Sep 5, 2016
The existence of this profession of drafting profiles in the context of crimes in any case goes back to a remarkable history. The word comes (as so often in our culture) from Latin, in which “filus” refers to a yarn or thread, from which the Italian word “profilare” developed, namely the action of tracing or outlining something. Initially it was fortresses and fortification systems that were originally supposed to have been conceived in this way, i.e. in line with military aspects. It was only at the end of the 16th and 17th centuries that this approach to defining something was transformed into the representation of the human head.
This may be familiar to some of you from the world of tourism, where artists sometimes offer to draw the outline of a person’s head for a certain sum of money; further back in time this was done similarly but instead of with a pen or a paintbrush a thread was used, which was stitched onto paper or textile or affixed in some other way. What may seem to be harmless fun for the memory of the person portrayed, however, unfortunately points to the malevolent legitimation of such acts. After all, the profile as a sketched outline of the human head invoked or itself developed an almost scientific justification: physiognomy.
The latter discipline refers to the purported ability to distinguish fundamental characteristics for the relevant psychological formation of the person identified through the shape of the head and particularly the face. One simply searched for indicators or claimed they were there in order to reveal the human being. Then, during the mid-18th century, this was once again given a radical spin by an alleged philosopher by the name of Lavater, as he now sorted the system into philological grids (“grid investigation”) and claimed to be able to thus draw clear conclusions about the relevant persons. He also invented the “endomorph” and the other types.

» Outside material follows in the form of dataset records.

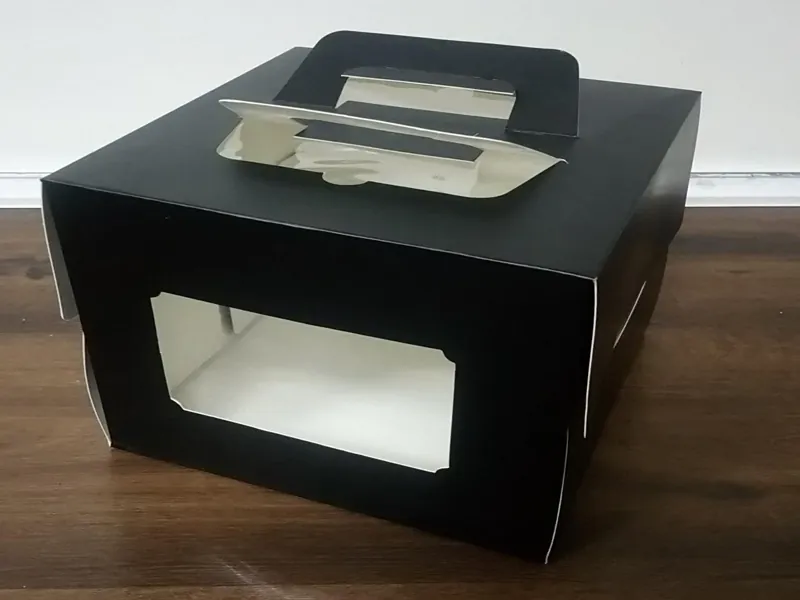 Hộp đựng bánh kem tròn màu đen sang trọng có quai xách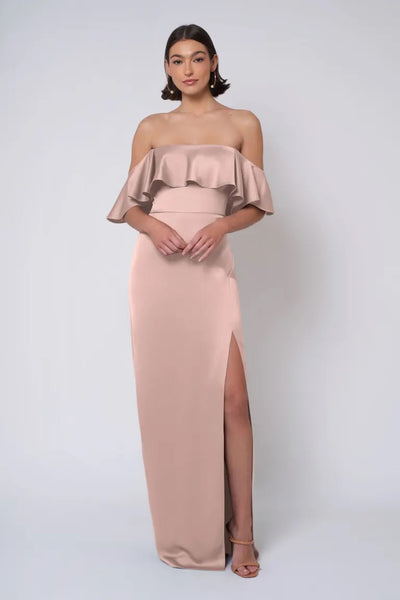 A woman in an elegant strapless neckline blush gown with a thigh-high slit, Winter by Jenny Yoo Bridesmaid Dress from Bergamot Bridal.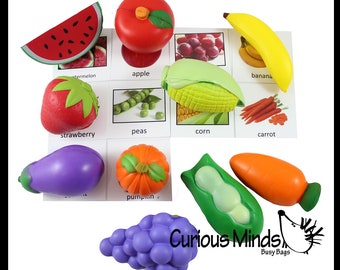 May include: A set of nine colorful, soft, textured, foam fruits and vegetables with corresponding picture cards. The set includes a red apple, a green watermelon slice, a red strawberry, a green pea pod, a yellow corn cob, an orange carrot, a purple eggplant, an orange pumpkin, and a purple bunch of grapes.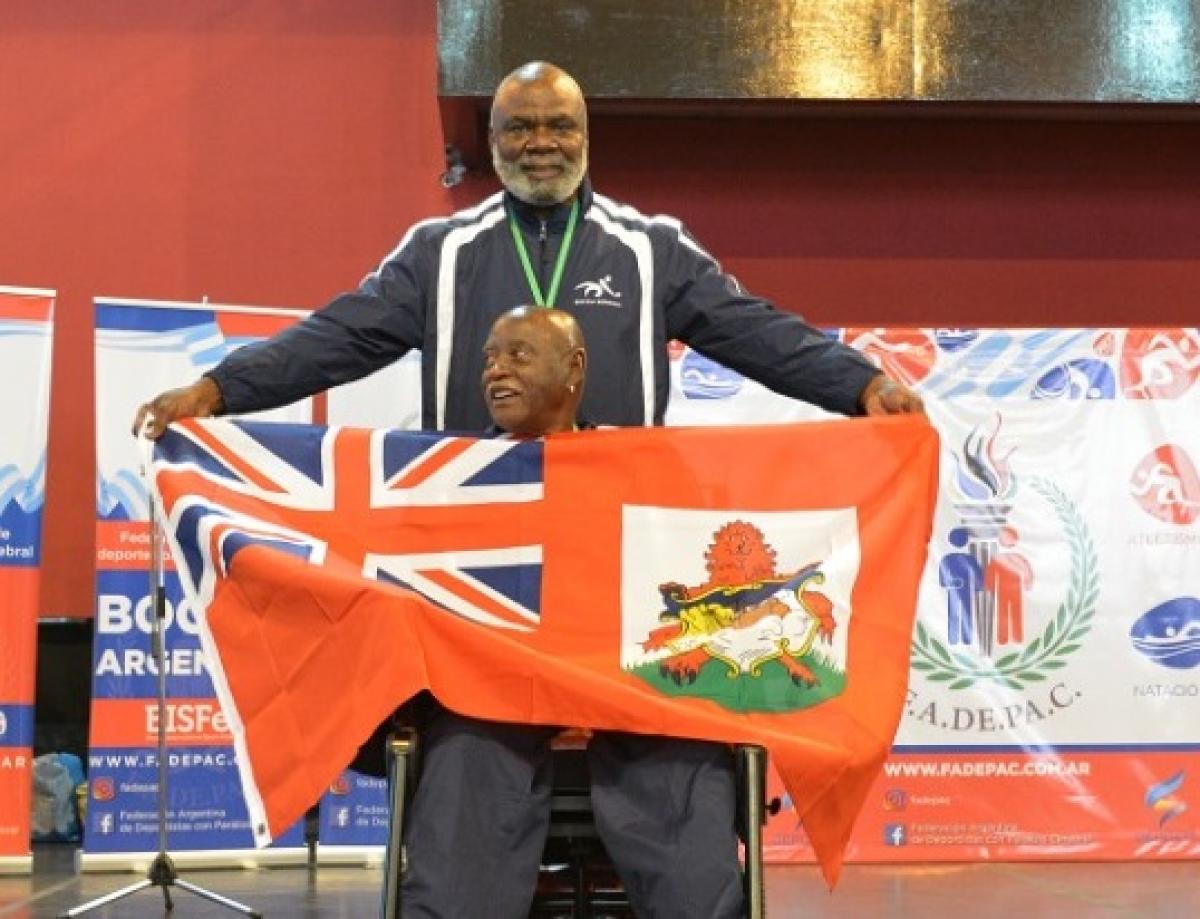 male boccia athlete Steve Wilson on the podium holding up a Bermuda flag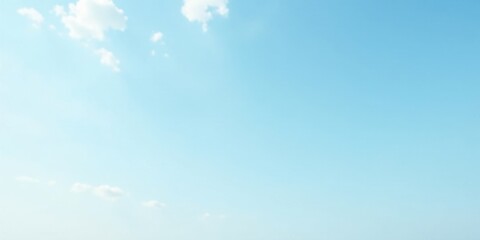 Serene Light Blue Sky with Delicate White Clouds Forming a Peaceful and Tranquil Atmosphere Ideal for Backgrounds and Design Projects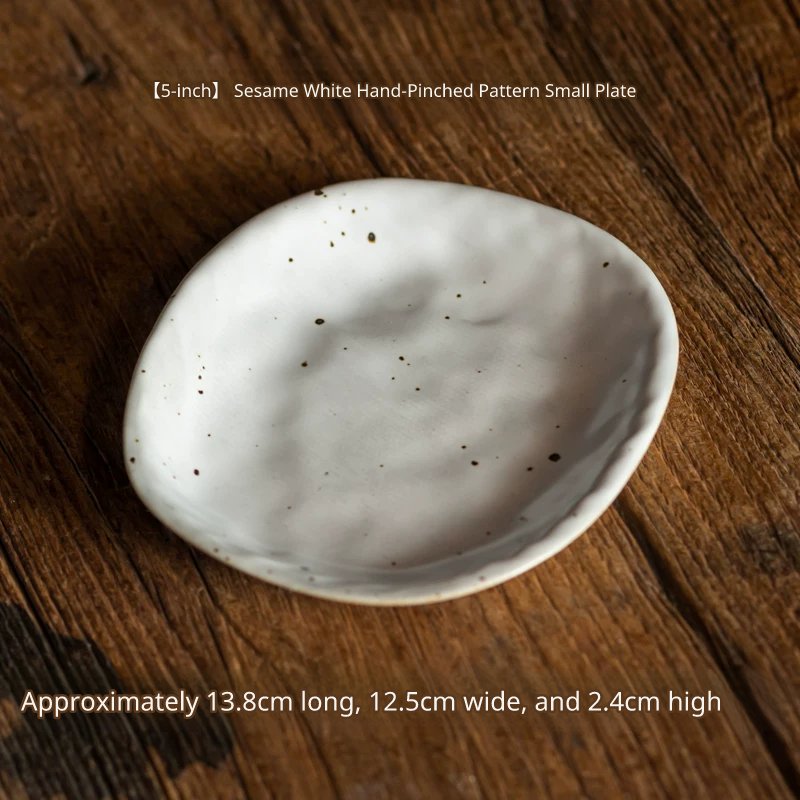 A medium, oval, speckled white ceramic plate, slightly smaller than the previous one, on wood.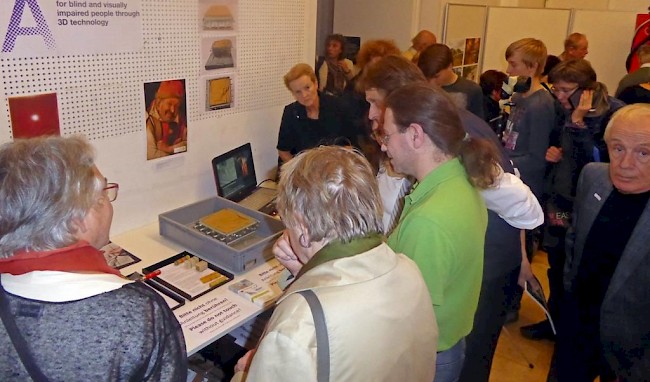 Viele Menschen sind bei einer Ausstellung, wo sie den Nudeldrucker anschauen und angreifen können.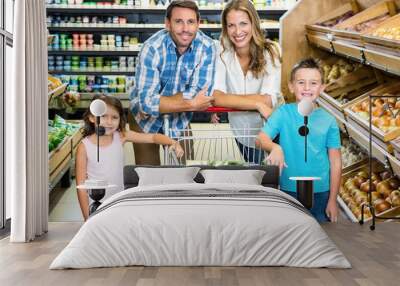 Portrait of family doing shopping  Wall mural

Now, before we civilized beings reject this idea out of hand, we might want to consider just how much such physiognomies continue to mislead us into prejudices. Even today, the “high brow” is considered intelligent, and the “low brow” thought foolish, while smaller ear lobes are a sign of deceitfulness and big eyes reveal a person’s openheartedness and reliability – and the list can be continued. In fact we all still judge people this way, albeit subconsciously. The always very insightful, but sadly now deceased designer Jörg Zintzmeyer once said very convincingly: “You never get a second chance for a first impression”.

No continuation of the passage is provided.